__What you need to do__. Output the records exactly as they appear, with no pictures included.

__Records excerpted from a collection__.
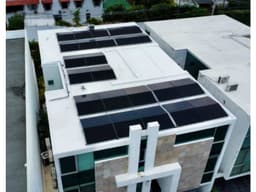 Casa Moderna Diseño de Altura y Eficiencia Energética, Altos de Golf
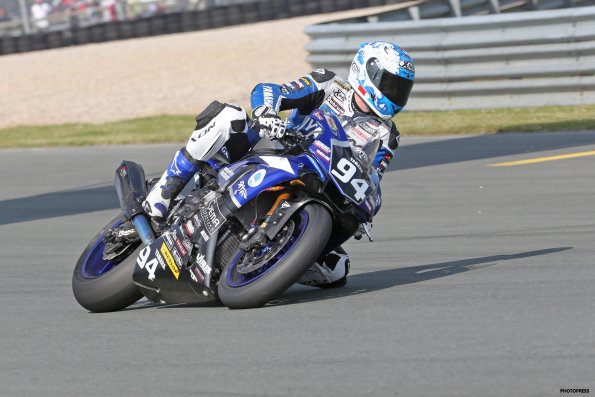 VIGEANT FSBK  2015
3ème manche du 
Championnat de France Superbike
24 & 25 Mai 2015
© PHOTOPRESS
Tel: 04 93 37 95 96
info@photopress.fr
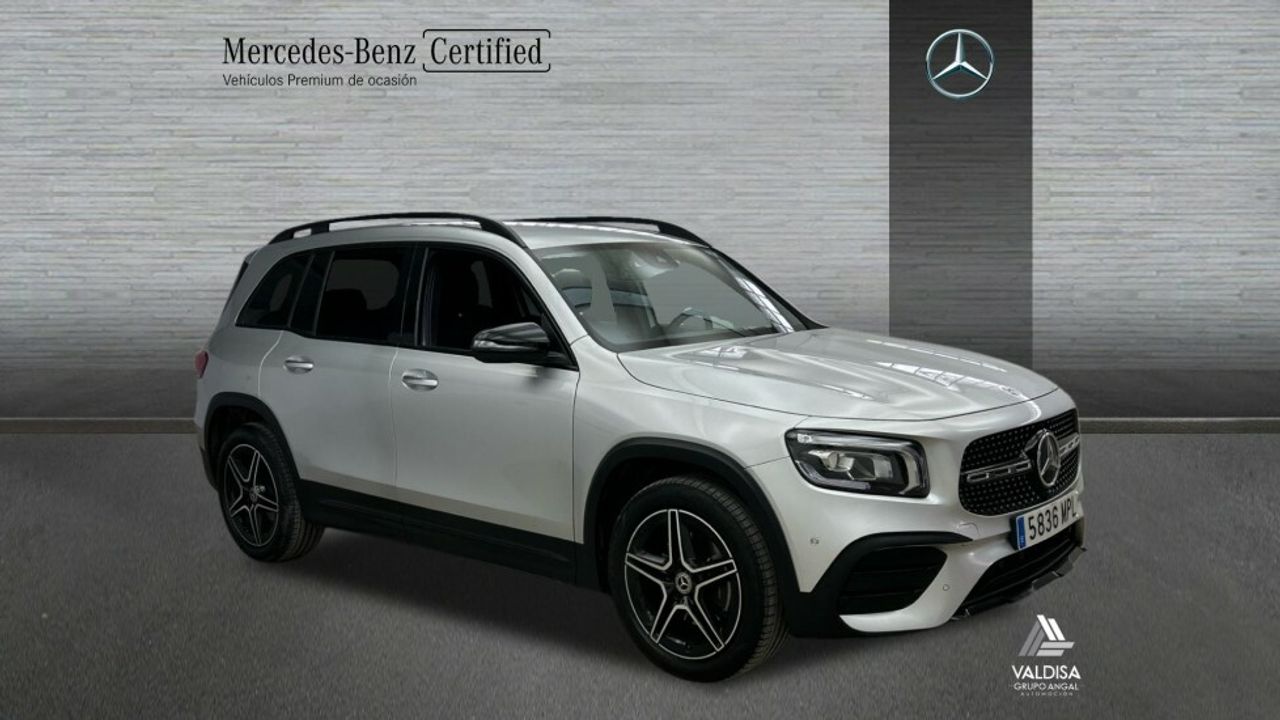 mercedes clase glb 2024 / foto grande (3)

__Expected answer__.
 Casa Moderna Diseño de Altura y Eficiencia Energética, Altos de Golf
 VIGEANT FSBK  2015
3ème manche du 
Championnat de France Superbike
24 & 25 Mai 2015
© PHOTOPRESS
Tel: 04 93 37 95 96
info@photopress.fr
 mercedes clase glb 2024 / foto grande (3)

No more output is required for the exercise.